Rolf Eike Beer eike at sf-mail.de
Fri Sep 20 16:32:12 EDT 2013


Am Donnerstag, 15. August 2013, 14:37:42 schrieb Stephen Kelly:
> Stephen Kelly wrote:
> > Stephen Kelly wrote:
> >> I still think you should revisit my review mail on point 2 too.
> > 
> > Something that becomes possible when thinking about the above and target
> > properties is interface requirements.
> 
> I've implemented a prototype which has better API than your module.
> 
> In my concept:
> 
> * Applying the -std=c++11 flag is the responsibility of CMake, not the user.
> 
> * CMake determines the -std= flag to use (GCC 4.9 has -std=c++1y by now). It
> won't add '-std=c++11 -std=c++14', but just '-std=c++14'
> 
> * Required compiler features are scoped to targets.

Can I get this globally? So I define once that all targets in my project get 
this? [Reading further] I assume I can set a global or directory property that 
will then propagate to all targets below.

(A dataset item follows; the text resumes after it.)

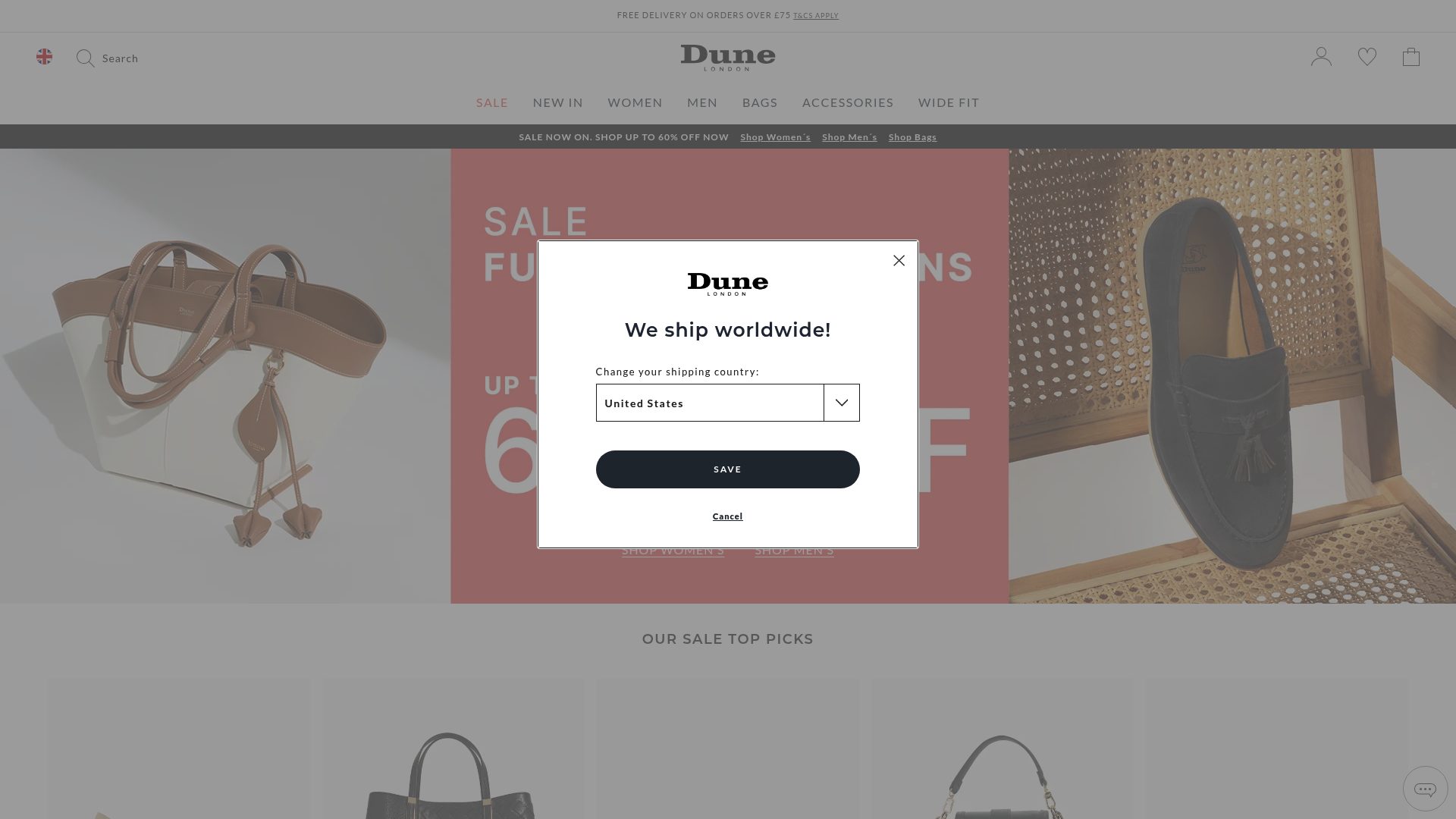 Dune London homepage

> * Target properties are set, exported and transitively evaluated track the
> compiler features required.
> 
> * Compiler requirements can be optional, in which case -D defines are
> generated in the (PUBLIC) COMPILE_DEFINITIONS
> 
> * The -D defines are for scoping or replacement, depending on what the
> feature calls for.
> 
> * Required compiler features are listed in the INTERFACE of exported
> targets. CMake evaluates whether the compiler is capable of using the
> IMPORTED targets it is supposed to use transitively, in a similar way to the
> POSITION_INDEPENDENT_CODE feature.
> 
> * A new command target_compiler_feature is introduced with two signatures:
> 
>  target_compiler_feature(<target> <PUBLIC|PRIVATE>
>    REQUIRED <feature1> [<feature2> ...])
>  target_compiler_feature(<target> <PUBLIC|PRIVATE>
>    OPTIONAL <feature> DEFINE <define_name>)
> 
> * Another non-target-scoped command could be introduced, similar to
> target_compile_options -> add_compile_options.
> 
> This is better in many noteworthy ways to the cxx11 topic in the stage.

It solves an entirely different problem. My topic makes CMake detect which C++ 
features the compiler supports. Your topic is about how to get this to the 
targets and propagate it to the targets that use them.